Chromosome 9p21.3 Coordinates Cell Intrinsic and Extrinsic Tumor Suppression

Somatic chromosomal deletions are prevalent in cancer, yet their effects are poorly understood. The most prominent homozygous deletions affect chromosome 9p21.3 and eliminate the CDKN2A/B tumor suppressor genes, thus disabling a cell intrinsic barrier to tumorigenesis. However, half of 9p21.3 deletions encompass a cluster of 16 type I interferons (IFNs) whose co-deletion remains unexplored. To functionally dissect 9p21.3 and other genomic deletions, we developed MACHETE (Molecular Alteration of Chromosomes with Engineered Tandem Elements), a genome engineering strategy that enables flexible modeling of megabase-sized deletions. Applying MACHETE to a syngeneic mouse model of pancreatic cancer, we show that concomitant loss of the IFN cluster with Cdkn2a/b enhanced immune evasion, metastasis, and immunotherapy resistance compared to Cdkn2a/b deletions alone. Mechanistically, IFN co-deletion disrupted type I IFN signaling in the tumor microenvironment, leading to marked changes in infiltrating immune cells and escape from CD8+ T cell surveillance, effects largely driven by the poorly understood interferon epsilon (Ifne). These results reveal how IFN-encompassing 9p21.3 deletions disable cell intrinsic and extrinsic tumor suppression, thereby providing a pervasive route for immune evasion, metastasis, and immunotherapy resistance. Our study provides a framework for interrogating large deletion events in cancer and beyond. RNA-seq analysis was performed from KrasG12D; sgP53; dS or KrasG12D; sgP53; dL tumors, which were harvested from immune-competent mice treated with control IgG or anti-IFNAR1 blocking antibody. Bulk tumor pieces were flash frozen on dry ice and stored at -80C. Tissues were then mechanically disrupted in Trizol and RNA was extracted following manufacturer’s instructions.

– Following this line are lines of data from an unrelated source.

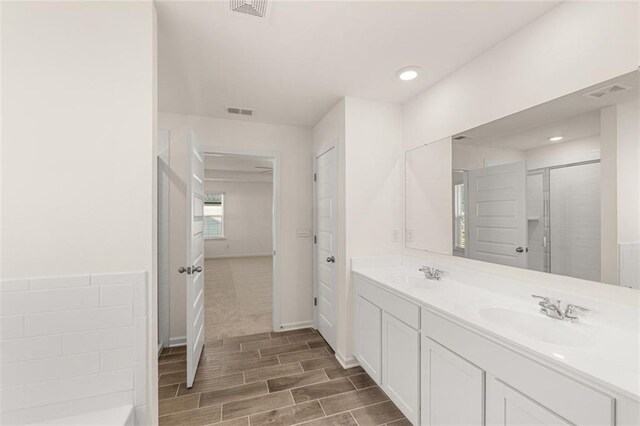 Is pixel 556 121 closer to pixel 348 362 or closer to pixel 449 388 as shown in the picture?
pixel 449 388

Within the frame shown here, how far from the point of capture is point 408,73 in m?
2.07

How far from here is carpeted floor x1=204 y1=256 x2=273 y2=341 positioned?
330 centimetres

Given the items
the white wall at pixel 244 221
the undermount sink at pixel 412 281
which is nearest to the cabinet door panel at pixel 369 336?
the undermount sink at pixel 412 281

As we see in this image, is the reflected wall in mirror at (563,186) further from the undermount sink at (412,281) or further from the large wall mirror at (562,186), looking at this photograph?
the undermount sink at (412,281)

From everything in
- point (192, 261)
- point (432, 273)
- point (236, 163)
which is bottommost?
point (432, 273)

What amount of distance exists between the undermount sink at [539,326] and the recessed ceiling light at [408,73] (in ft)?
5.71

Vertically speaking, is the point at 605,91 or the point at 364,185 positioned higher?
the point at 605,91

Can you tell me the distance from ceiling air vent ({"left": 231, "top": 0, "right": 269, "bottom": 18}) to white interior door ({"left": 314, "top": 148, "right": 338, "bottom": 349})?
1.41 m

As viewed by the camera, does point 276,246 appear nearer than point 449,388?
No

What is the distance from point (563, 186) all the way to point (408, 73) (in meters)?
1.30

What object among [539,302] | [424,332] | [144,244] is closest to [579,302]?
[539,302]

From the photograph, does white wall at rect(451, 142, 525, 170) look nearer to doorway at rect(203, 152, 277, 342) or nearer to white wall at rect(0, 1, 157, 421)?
white wall at rect(0, 1, 157, 421)

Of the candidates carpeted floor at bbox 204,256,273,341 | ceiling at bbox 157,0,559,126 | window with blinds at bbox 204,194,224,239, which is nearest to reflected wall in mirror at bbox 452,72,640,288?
ceiling at bbox 157,0,559,126

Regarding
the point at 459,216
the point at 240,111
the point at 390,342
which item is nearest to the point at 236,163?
the point at 240,111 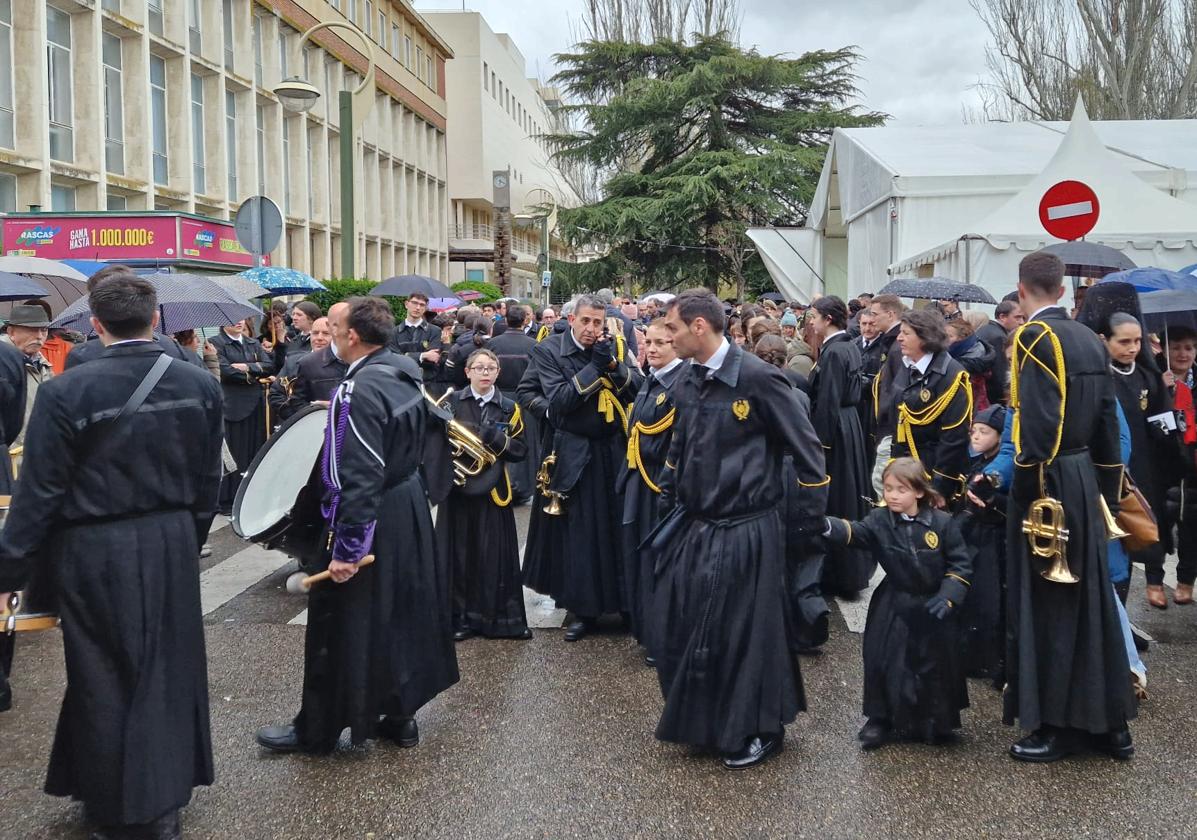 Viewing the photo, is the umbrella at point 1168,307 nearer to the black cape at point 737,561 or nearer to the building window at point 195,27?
the black cape at point 737,561

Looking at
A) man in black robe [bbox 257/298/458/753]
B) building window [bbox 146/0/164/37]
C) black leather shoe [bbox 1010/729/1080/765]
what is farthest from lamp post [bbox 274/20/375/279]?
building window [bbox 146/0/164/37]

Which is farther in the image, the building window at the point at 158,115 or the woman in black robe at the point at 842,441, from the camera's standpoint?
the building window at the point at 158,115

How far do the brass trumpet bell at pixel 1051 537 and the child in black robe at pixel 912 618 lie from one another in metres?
0.40

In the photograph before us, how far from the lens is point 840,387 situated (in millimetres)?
7203

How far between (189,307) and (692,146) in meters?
31.5

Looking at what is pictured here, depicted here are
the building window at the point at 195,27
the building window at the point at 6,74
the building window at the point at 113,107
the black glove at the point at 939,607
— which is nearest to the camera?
the black glove at the point at 939,607

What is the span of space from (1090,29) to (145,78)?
89.3ft

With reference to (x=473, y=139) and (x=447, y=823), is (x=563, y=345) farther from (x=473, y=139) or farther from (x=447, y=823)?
(x=473, y=139)

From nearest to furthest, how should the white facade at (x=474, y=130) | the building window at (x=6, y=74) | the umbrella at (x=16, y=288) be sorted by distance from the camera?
1. the umbrella at (x=16, y=288)
2. the building window at (x=6, y=74)
3. the white facade at (x=474, y=130)

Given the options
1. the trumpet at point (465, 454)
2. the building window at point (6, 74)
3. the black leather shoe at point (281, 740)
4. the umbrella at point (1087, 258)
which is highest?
the building window at point (6, 74)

RNA integrity was analyzed with an Agilent 2100 Bioanalyzer. Samples that passed QC were then used for library preparation and sequencing. Samples were barcoded and run on a HiSeq (Ilumina) in 76 bp SE run, with an average of 50 million reads per sample. RNA-Seq data was then trimmed by removing adapter sequences and reads were aligned to the mouse genome (GRCm38.91; mm10), and transcript counts were used to generate an expression matrix.